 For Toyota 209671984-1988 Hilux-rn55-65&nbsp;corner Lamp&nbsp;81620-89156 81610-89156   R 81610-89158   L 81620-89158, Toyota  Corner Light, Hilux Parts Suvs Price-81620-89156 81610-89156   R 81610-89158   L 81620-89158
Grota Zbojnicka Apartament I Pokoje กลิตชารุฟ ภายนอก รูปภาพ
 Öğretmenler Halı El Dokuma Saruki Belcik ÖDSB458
* * *
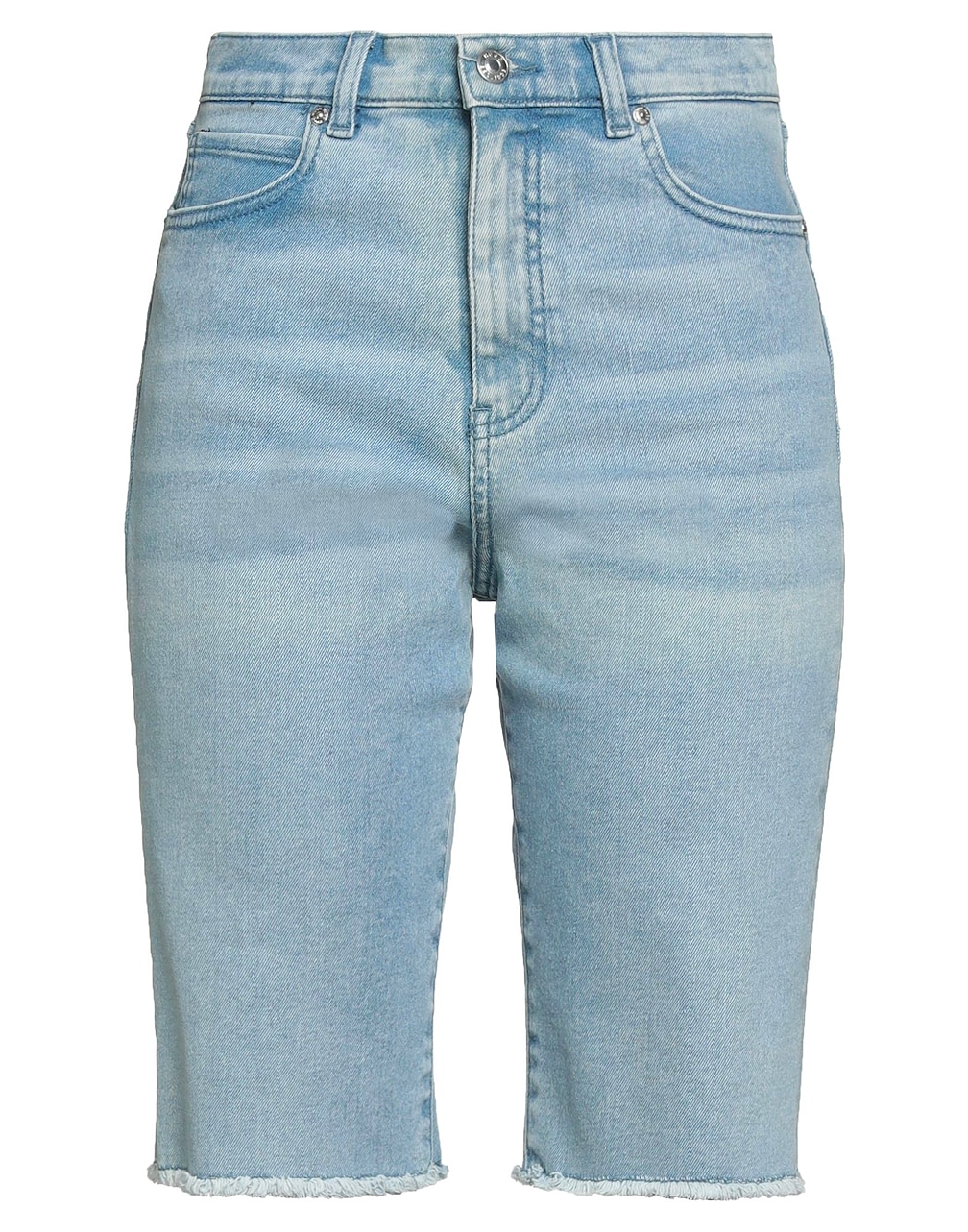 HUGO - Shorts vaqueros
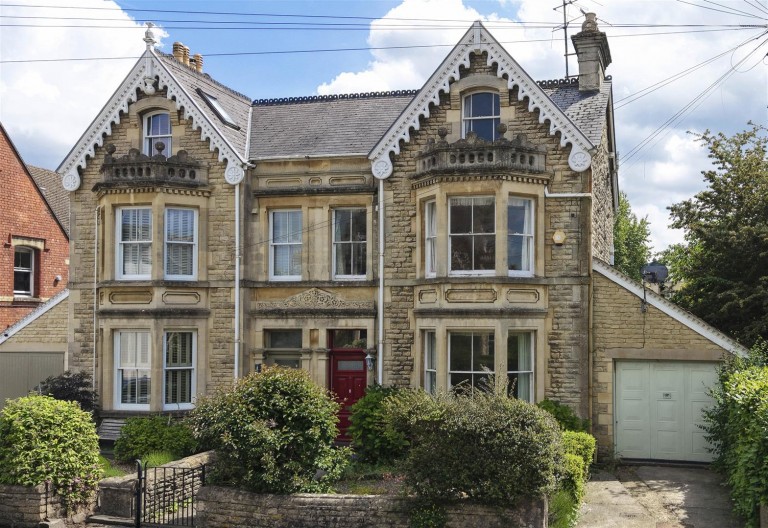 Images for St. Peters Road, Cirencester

* EXERCISE *
Using the entries above, output exactly the lines between the line holding "For Toyota 209671984-1988" and the line holding "Öğretmenler Halı El", end lines included, and nothing more.

* ANSWER AREA *
 For Toyota 209671984-1988 Hilux-rn55-65&nbsp;corner Lamp&nbsp;81620-89156 81610-89156   R 81610-89158   L 81620-89158, Toyota  Corner Light, Hilux Parts Suvs Price-81620-89156 81610-89156   R 81610-89158   L 81620-89158
Grota Zbojnicka Apartament I Pokoje กลิตชารุฟ ภายนอก รูปภาพ
 Öğretmenler Halı El Dokuma Saruki Belcik ÖDSB458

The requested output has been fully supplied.